Starting at the line that holds "Small Nylon Crescent" and stopping at the line that holds "#ardmac #buildingbetter #skyblue", restate the records below word for word, with both of those lines included.

---------- Provided data

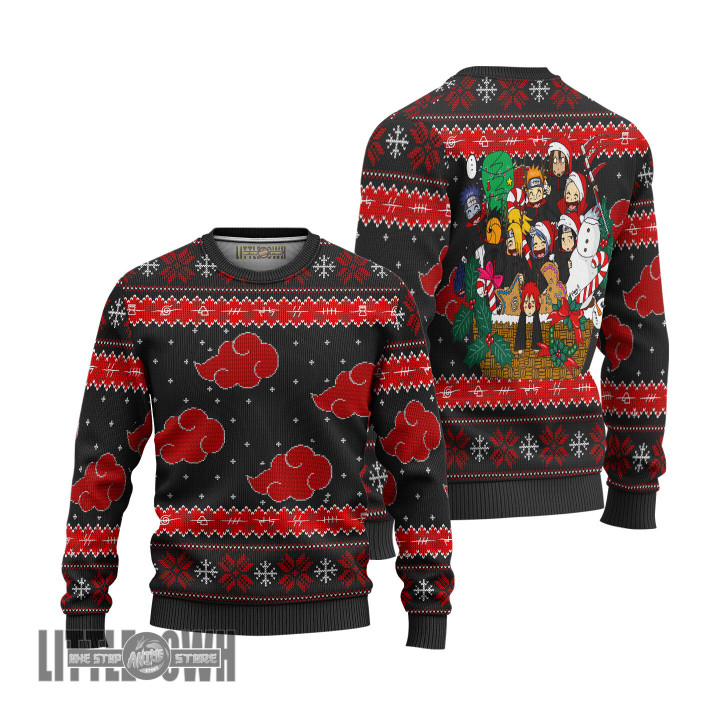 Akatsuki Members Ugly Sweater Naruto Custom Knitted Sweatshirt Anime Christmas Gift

--------------------
---------- Provided data

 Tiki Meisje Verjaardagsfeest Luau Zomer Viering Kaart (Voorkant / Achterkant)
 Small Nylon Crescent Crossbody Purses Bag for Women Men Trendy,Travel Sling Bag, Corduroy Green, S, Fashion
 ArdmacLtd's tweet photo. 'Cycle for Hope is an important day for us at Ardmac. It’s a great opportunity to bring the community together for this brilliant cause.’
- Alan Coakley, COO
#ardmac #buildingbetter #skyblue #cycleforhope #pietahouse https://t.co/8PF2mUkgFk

--------------------
---------- Provided data

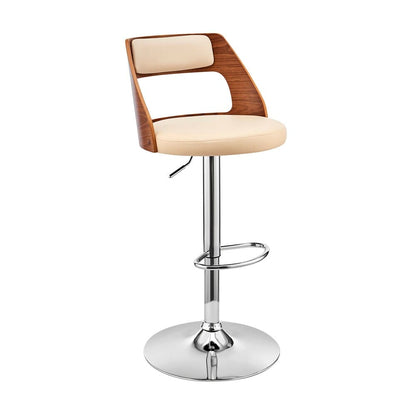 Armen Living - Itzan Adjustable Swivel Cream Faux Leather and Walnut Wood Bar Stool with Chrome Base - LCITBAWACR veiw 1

--------------------

**Result of the task**
 Small Nylon Crescent Crossbody Purses Bag for Women Men Trendy,Travel Sling Bag, Corduroy Green, S, Fashion
 ArdmacLtd's tweet photo. 'Cycle for Hope is an important day for us at Ardmac. It’s a great opportunity to bring the community together for this brilliant cause.’
- Alan Coakley, COO
#ardmac #buildingbetter #skyblue #cycleforhope #pietahouse https://t.co/8PF2mUkgFk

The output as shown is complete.